The identification of reservoir fluid properties is an important work in oil and gas exploration and development. For a long time, resistivity absolute value method, resistivity porosity intersection method, porosity saturation intersection method and other methods with resistivity logging as the core have played an important role in the identification of conventional reservoir fluid properties. With more and more “three low” oil and gas reservoirs represented by “low resistivity, low porosity and low permeability” in offshore exploration, it is increasingly difficult to identify and evaluate reservoir fluid properties. In the stage of offshore exploration, cable formation test sampling technology has become an important means to solve this problem. However, in the application process, due to the influence of drilling fluid invasion, reservoir permeability, pumping efficiency and other factors, the cable formation testing operation often fails to obtain relatively pure undisturbed formation fluid samples. If you want to get a relatively pure formation sample, you must use a longer pumping time to eliminate the impact of mud filtrate intrusion in the formation. This not only costs a lot of exploration, but also brings greater operational risk due to long operation time. Therefore, in the process of sampling by wireline formation pump, it is impossible to effectively identify the nature of the fluid pumped, which may lead to misjudgment of the reservoir fluid property. Accurate identification of pumped fluid properties can provide an important basis for on-site operation decision-making [1] [2].

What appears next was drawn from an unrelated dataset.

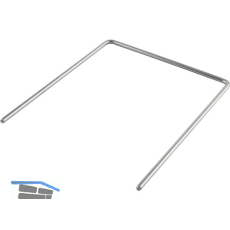 POHL Schallplatten-B�gel Stahldraht blauverzinkt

It can be seen from literature research that the research on fluid property identification is mainly focused on logging technology. In view of the geological characteristics and logging response characteristics of Kenli 10-1 structure, Zhang Zhihu qualitatively identified the reservoir fluid properties according to the shape and amplitude difference of the resistivity curve by using the overlap of 100% water bearing formation resistivity curve and the formation measured resistivity curve, and achieved good application results. Hao Peng applied the reservoir quantitative fluorescence technology to the identification of reservoir fluid properties in Shahejie Formation of BZ-A structure in Huanghekou Sag, Bohai Sea, and the identification results are consistent with the logging interpretation and oil testing results. Zhang Guodong used the high invasion characteristics of oil-based drilling fluid and based on the concept of time shift logging, proposed a method to quickly identify fluid properties by comparing the difference between real-time resistivity and re-measured resistivity [3].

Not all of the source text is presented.